• What is being asked
Type the data below again exactly. Omit all pictures.

• Given entries
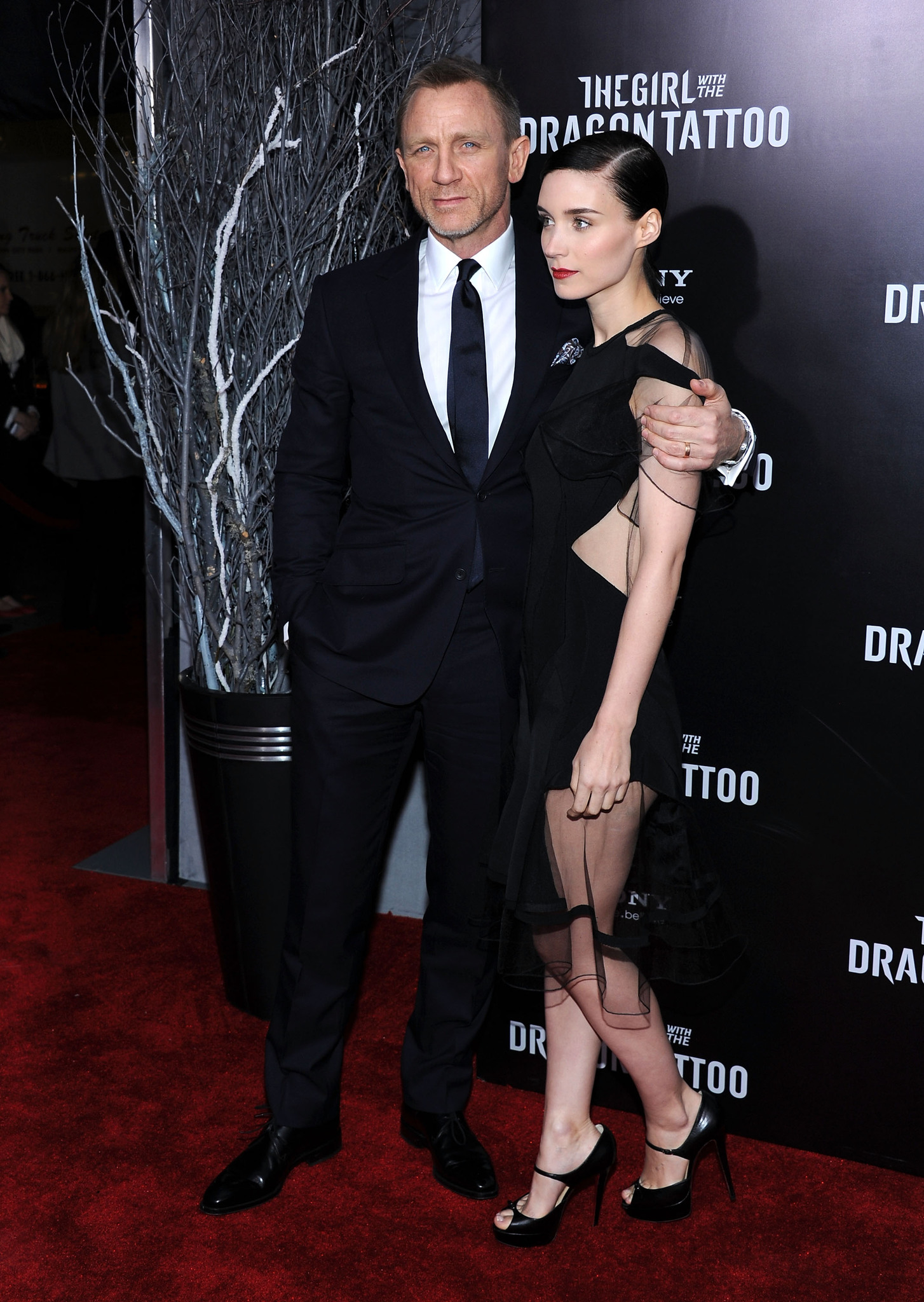 Daniel Craig and Rooney Mara at event of Mergina su drakono tatuiruote (2011)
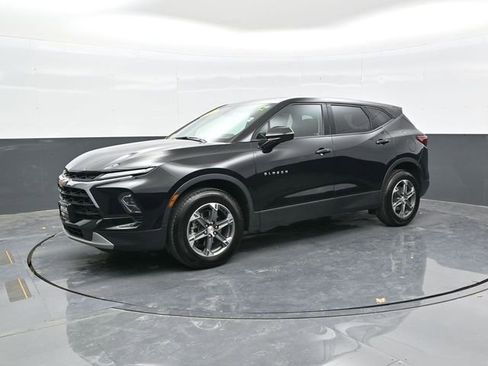 Used 2025 Chevrolet Blazer LT AWD/4WD image 3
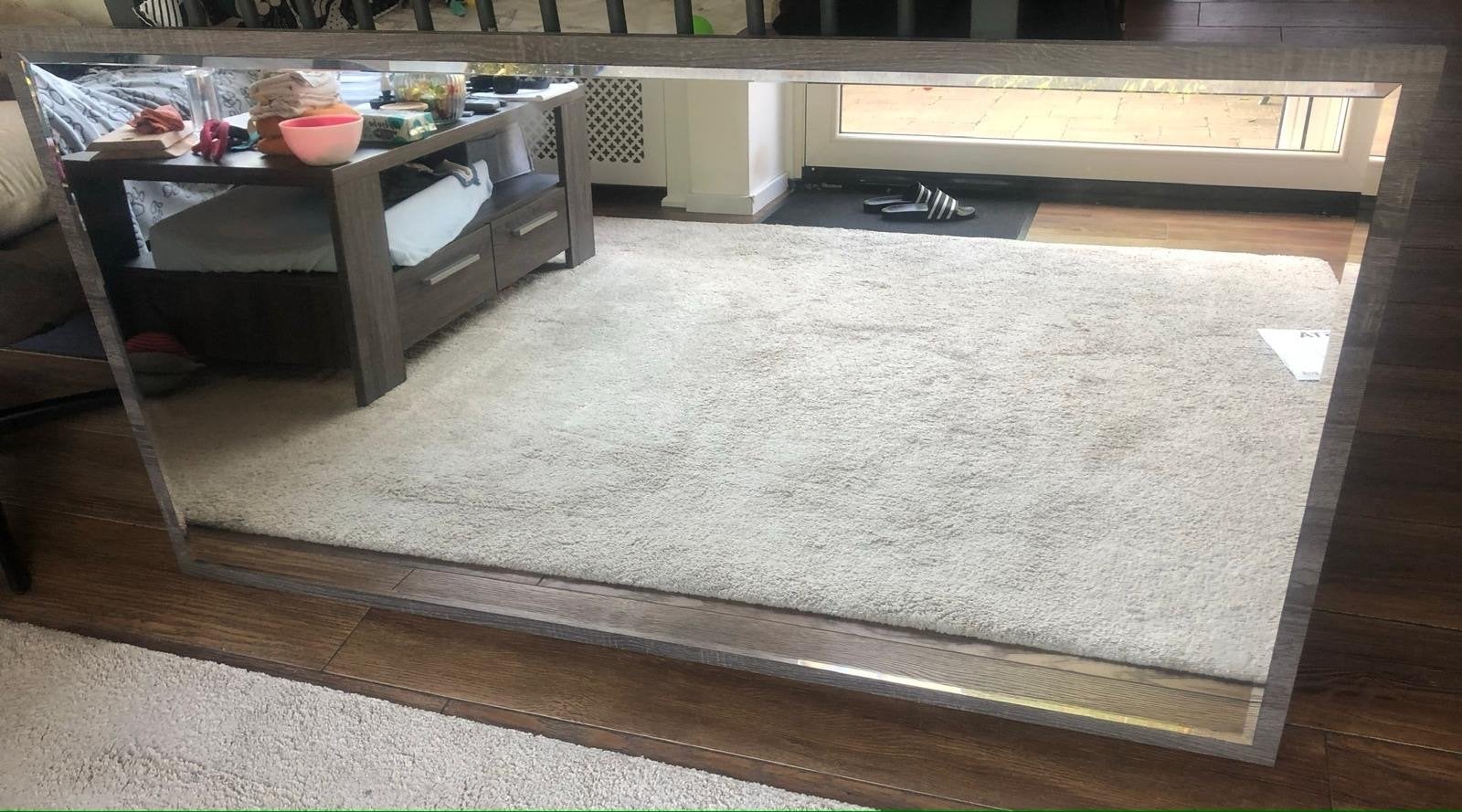Grote spiegel met houten frame, Ophalen of Verzenden, Gebruikt, Rechthoekig, 100 tot 125 cm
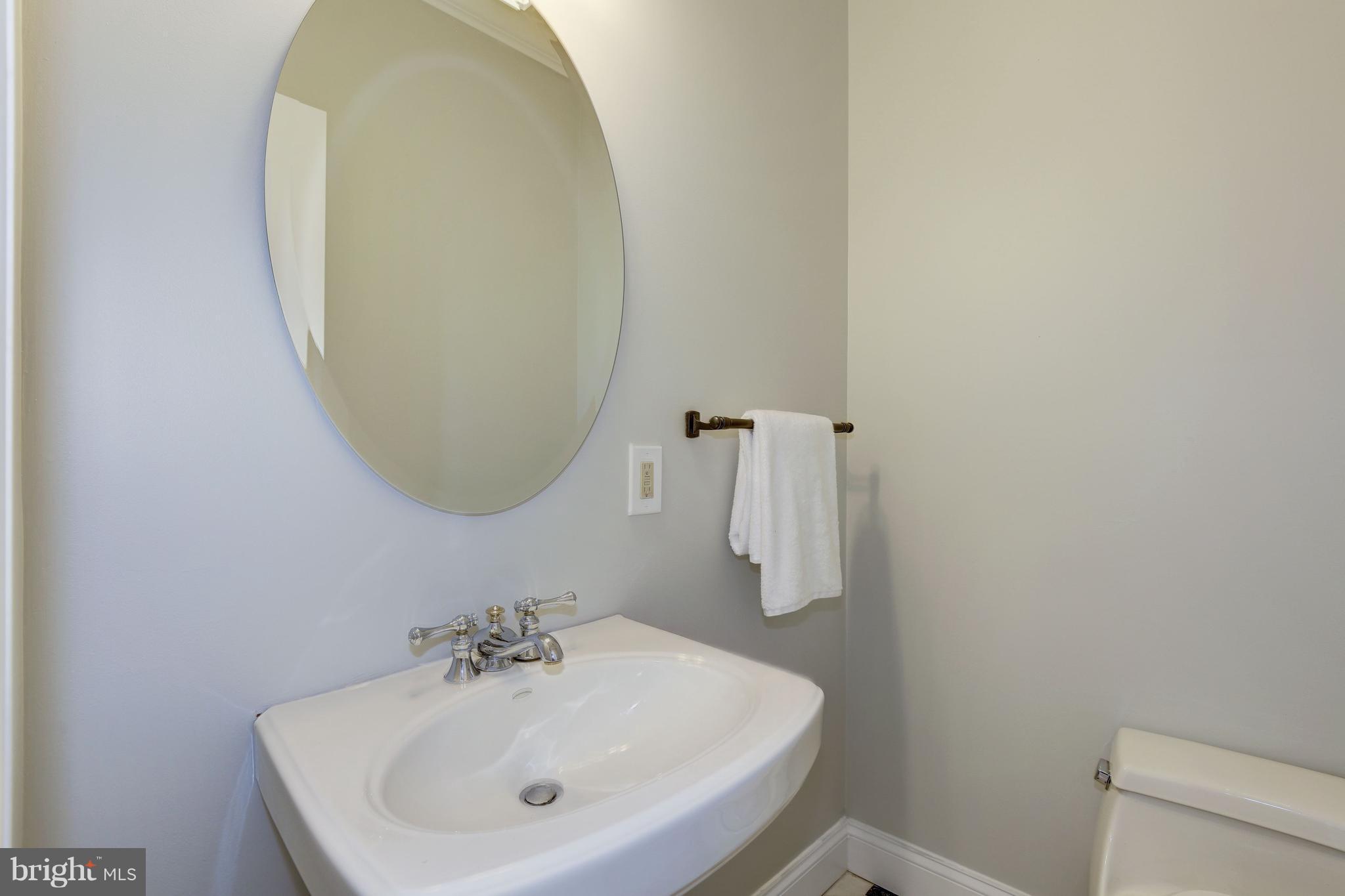 1832 Calvert Street Northwest, Unit 3 Washington, DC 20009 - Photo 14 of 29 Powder Room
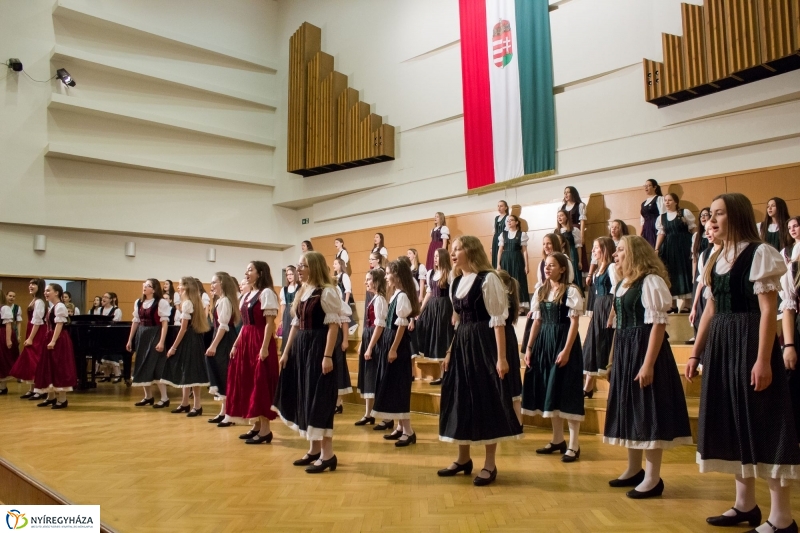 Értékes Esték-Cantemus - fotó Szarka Lajos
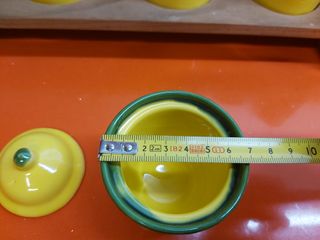 Especiero madera con 4 botes de cerámica.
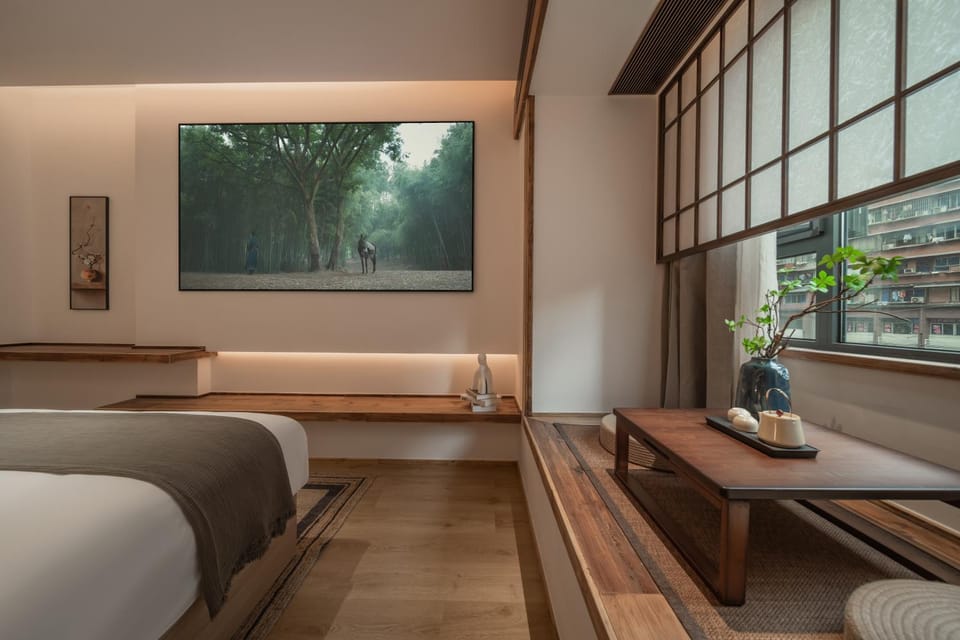 TV and multimedia, Photo of the whole room, Bedroom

• Exercise output
 Daniel Craig and Rooney Mara at event of Mergina su drakono tatuiruote (2011)
 Used 2025 Chevrolet Blazer LT AWD/4WD image 3
Grote spiegel met houten frame, Ophalen of Verzenden, Gebruikt, Rechthoekig, 100 tot 125 cm
 1832 Calvert Street Northwest, Unit 3 Washington, DC 20009 - Photo 14 of 29 Powder Room
 Értékes Esték-Cantemus - fotó Szarka Lajos
 Especiero madera con 4 botes de cerámica.
 TV and multimedia, Photo of the whole room, Bedroom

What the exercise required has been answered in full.